I wish I could tell you that Yes!!! You were SO right! 1998? That year rocked! Sadly, that is not the case. 1998 changed your life and set you on a course that was the complete opposite of what your life was “supposed” to be. I won’t give it all away–some of it? It actually made you a better, stronger woman. I will however give you a peek into the future:
**The Boy? The one that you are “so in love” with? He will alter your life in ways you never imagined. The foundation that you worked so hard to build will be forever shattered and the aftermath is not pretty. As much as I hate to write this: Don’t Dump Him. He will end up being a part of The Greatest Thing That Ever Happened To You. Just know that with him…. There is no “happily ever after”.

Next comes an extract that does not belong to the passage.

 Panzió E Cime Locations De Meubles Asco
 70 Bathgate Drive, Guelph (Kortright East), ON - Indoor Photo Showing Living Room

**Trust- If there is one thing I wish you could know and really really know? It is to trust your gut. You will make some incredibly dumb choices if you don’t. If something feels “wrong” IT IS!!! Stop second guessing yourself…sometimes you just know. Also, Trust? It is a huge word–please, please be careful who you trust with your life and emotions. Those girls? Your Best Friends Ever?? Yeah, those girls will both end up hurting you and becoming nothing more than pieces of your past.
**Decisions-That decision that you rationalized with “But I’m the captain of the cheer leading squad and the editor of the yearbook!” That decision? It will haunt you forever…I am sure it already does. There is no magic cure. Not time, not tears. The pain will always be there. You will go months without thinking about it and then suddenly something–a sound, a smell, a song-will set you off. The only advice I can give you is to learn to live with it.
**Letting Go- That anger, that bitterness, that sense of entitlement? LET IT GO. It will not help you at all. You can not change the past and and the past does not define you. You know that but you choose to live in your own alternate reality. The sooner you free yourself of the pain, the better off you will be.
**Gratitude-You seriously have no idea how to appreciate all that you have. Yes, your family is a bit dysfunctional but your grandmother? The one that cooks, cleans and cares for you? Appreciate her! Do not let a day go by without telling her how much you love her. One day she will be the only person who keeps you sane. Be thankful for all the blessings in your life no matter how big or small.
Don’t lose hope…it is not all bad. Along the way, you will meet some great people, learn some amazing life lessons and most importantly you will make a decision that will change your world forever. I won’t spoil it for you but just know one day, you will look at your self in the mirror and smile at the woman looking back you. The woman you never thought you would be.
So this year..2008? I am embarking on some major changes and will be writing about it along the way. I am still young, in love ( not what you are thinking!) and maybe still a bit naive (although I much prefer hopeful). I am also much more invested in the roles I play and the effects they have on my life. Having looked back on ten years worth of decisions, I am committed to continuing to improve myself.
So 1998 was not your year…. but 2008? Yes, 2008 will be your year!